Information security is an evolving discipline and one which needs to stay not just one step ahead of the bad guys, but also needs to take account of the way business and technology is changing. In business the name of the game is to be “agile” and to be able to adapt and disrupt both old and new industries.
In the technology world the firm growth of cloud computing and new ways of creating and deploying applications quickly means that security needs to keep up to be successful. The use of traditional frameworks such as waterfall development and ITIL has given way to new methods of working often labelled as “DevOps”. Formed from a combination of development and operations the principle of DevOps is to create code quickly, deploy it immediately and get feedback from users as you go along.
Terms such as CI/CD (Continuous Integration/Continuous Delivery) and its more extreme version Continuous Deployment are relatively recent additions to the software development vocabulary. These ideas mean that the delay between code being written and its deployment into the live environment can be almost non-existent.

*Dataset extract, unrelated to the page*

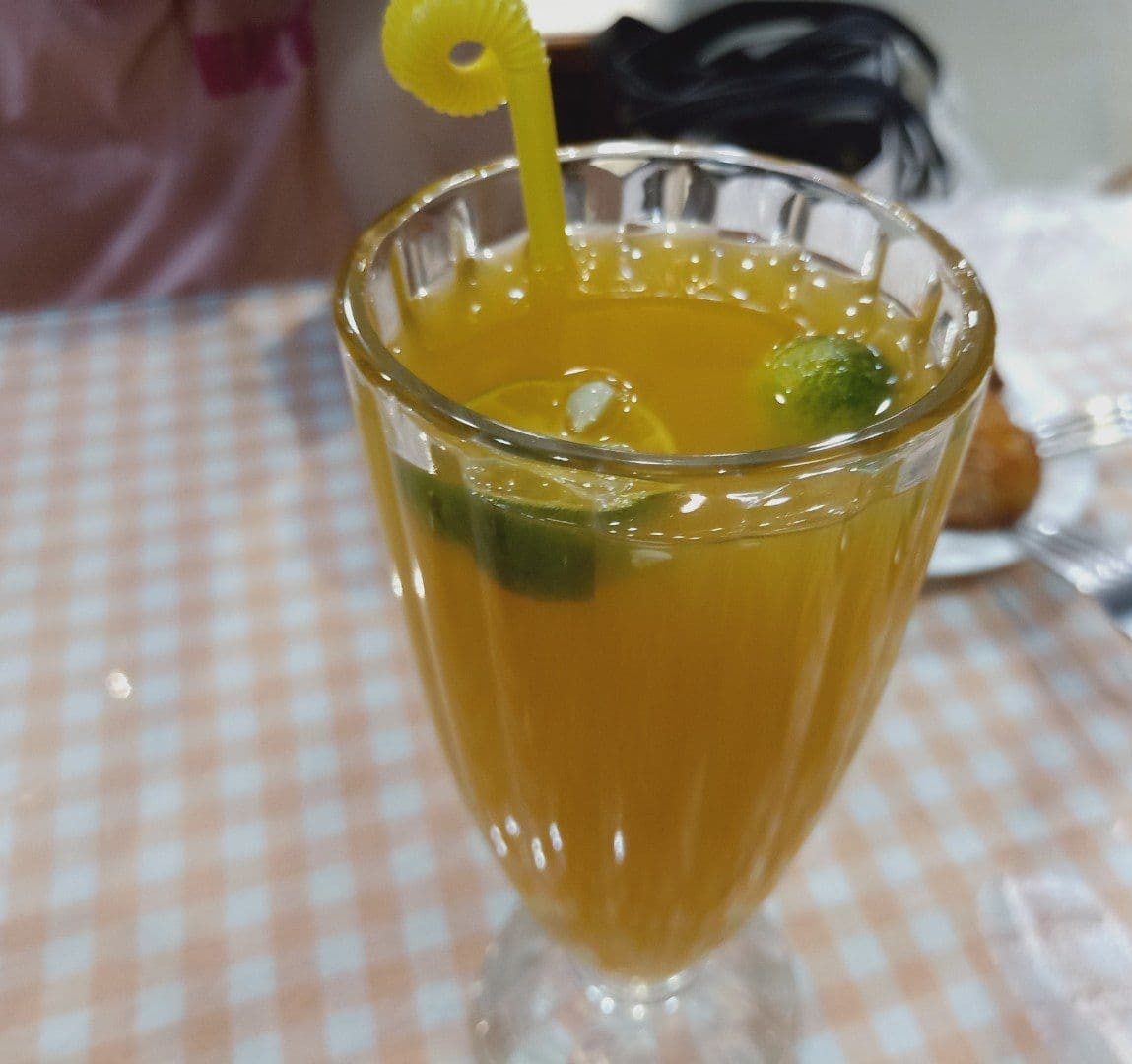 花语·阿伦西亚牛排西餐厅(罗浮广场店)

The breakneck speed of this method obviously means that ensuring new apps are secure can be somewhat of a challenge. The information security industry has reacted to this need with the creation of its own new way of working usually called “DevSecOps”. This attempts to deliver the benefits of fast deployment whilst ensuring that basic information security precautions and controls are not bypassed or forgotten.
Delivering DevSecOps is recognised to be a difficult but necessary task which involves thinking security from the very beginning of a project and ensuring the people involved in it have the right level of awareness. Delegation of security responsibilities into the development teams is key and many organisations establish roles with names such as “Security Champion” and “Security Advocate” to try to achieve this.
Where the deployment of code is automated, it is important to ensure that the relevant security checks and testing are also automated so that they don’t delay the deployment and reduce the perceived agility of the development process itself. Just as agile developers create “use cases”, a corresponding set of “mis-use cases” also needs to be considered, along with input from frameworks, such as the OWASP Application Security Verification Standard.
But it’s not just software applications that move fast in today’s world. The area of infrastructure has also been affected where the ability to virtualize complete environments means that in many cases the infrastructure itself may be treated as code. In a situation where a server may be created in seconds it’s just as important as ever to ensure that the correct standards are established for security.
In the current Silicon Valley-inspired rush to “fail fast, fail often” it is vital that the security of the resulting systems is not compromised, particularly as a large proportion of the general public will use these applications without a second thought, often entrusting them with significant amounts of personal data. DevSecOps is developing into the accepted way to address the issues raised by the pace of change in today’s interconnected world. Currently it consists of a loosely defined set of techniques and tools, but it is likely this will become better defined as time goes by.
CertiKit is working on incorporating aspects of DevSecOps into our toolkits and it is likely that this will be a growth area in content in the future. As always, we will be keeping an eye on how this develops, as we continually update our products and knowledge.